AVAILABLE RECORDS |
==============================
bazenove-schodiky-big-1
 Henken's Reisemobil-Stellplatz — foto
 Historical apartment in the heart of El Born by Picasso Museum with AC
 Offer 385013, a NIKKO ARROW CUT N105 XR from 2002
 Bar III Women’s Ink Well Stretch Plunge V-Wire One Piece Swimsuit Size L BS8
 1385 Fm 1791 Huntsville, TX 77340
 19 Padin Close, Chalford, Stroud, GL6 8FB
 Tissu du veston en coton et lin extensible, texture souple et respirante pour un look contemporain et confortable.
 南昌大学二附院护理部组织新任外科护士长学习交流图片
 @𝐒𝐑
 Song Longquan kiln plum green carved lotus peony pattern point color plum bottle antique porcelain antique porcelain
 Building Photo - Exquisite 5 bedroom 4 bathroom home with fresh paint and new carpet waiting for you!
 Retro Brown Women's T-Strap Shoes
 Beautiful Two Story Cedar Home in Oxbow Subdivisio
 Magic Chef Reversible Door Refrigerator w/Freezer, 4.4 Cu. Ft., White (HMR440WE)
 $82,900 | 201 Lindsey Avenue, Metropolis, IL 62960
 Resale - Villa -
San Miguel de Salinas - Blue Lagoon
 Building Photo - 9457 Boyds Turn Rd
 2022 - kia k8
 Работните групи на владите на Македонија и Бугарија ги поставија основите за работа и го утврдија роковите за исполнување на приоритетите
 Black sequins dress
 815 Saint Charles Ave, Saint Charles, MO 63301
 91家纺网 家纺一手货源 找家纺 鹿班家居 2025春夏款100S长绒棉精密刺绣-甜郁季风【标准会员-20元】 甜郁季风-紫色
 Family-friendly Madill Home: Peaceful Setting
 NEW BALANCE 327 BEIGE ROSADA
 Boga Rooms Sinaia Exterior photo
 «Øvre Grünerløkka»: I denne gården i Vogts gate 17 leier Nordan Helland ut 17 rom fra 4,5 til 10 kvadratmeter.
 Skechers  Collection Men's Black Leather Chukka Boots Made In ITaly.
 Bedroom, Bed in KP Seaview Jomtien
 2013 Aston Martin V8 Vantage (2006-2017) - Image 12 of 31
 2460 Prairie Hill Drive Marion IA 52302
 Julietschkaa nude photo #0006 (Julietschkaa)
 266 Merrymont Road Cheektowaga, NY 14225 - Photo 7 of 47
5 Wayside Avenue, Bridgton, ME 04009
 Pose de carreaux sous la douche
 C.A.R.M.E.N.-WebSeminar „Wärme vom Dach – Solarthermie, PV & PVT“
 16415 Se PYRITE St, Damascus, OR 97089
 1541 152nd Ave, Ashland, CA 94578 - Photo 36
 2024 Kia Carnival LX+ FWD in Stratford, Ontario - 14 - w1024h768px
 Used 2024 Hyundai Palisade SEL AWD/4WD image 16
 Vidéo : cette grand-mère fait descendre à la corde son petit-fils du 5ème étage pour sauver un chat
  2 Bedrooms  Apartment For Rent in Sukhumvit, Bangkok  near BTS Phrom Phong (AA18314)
==============================
WHAT TO WORK ON | With the line that contains "1541 152nd Ave, Ashland, CA 94578 - Photo 36" as the starting point, output each line exactly through the end of the listing above.

EXERCISE ANSWER |
 1541 152nd Ave, Ashland, CA 94578 - Photo 36
 2024 Kia Carnival LX+ FWD in Stratford, Ontario - 14 - w1024h768px
 Used 2024 Hyundai Palisade SEL AWD/4WD image 16
 Vidéo : cette grand-mère fait descendre à la corde son petit-fils du 5ème étage pour sauver un chat
  2 Bedrooms  Apartment For Rent in Sukhumvit, Bangkok  near BTS Phrom Phong (AA18314)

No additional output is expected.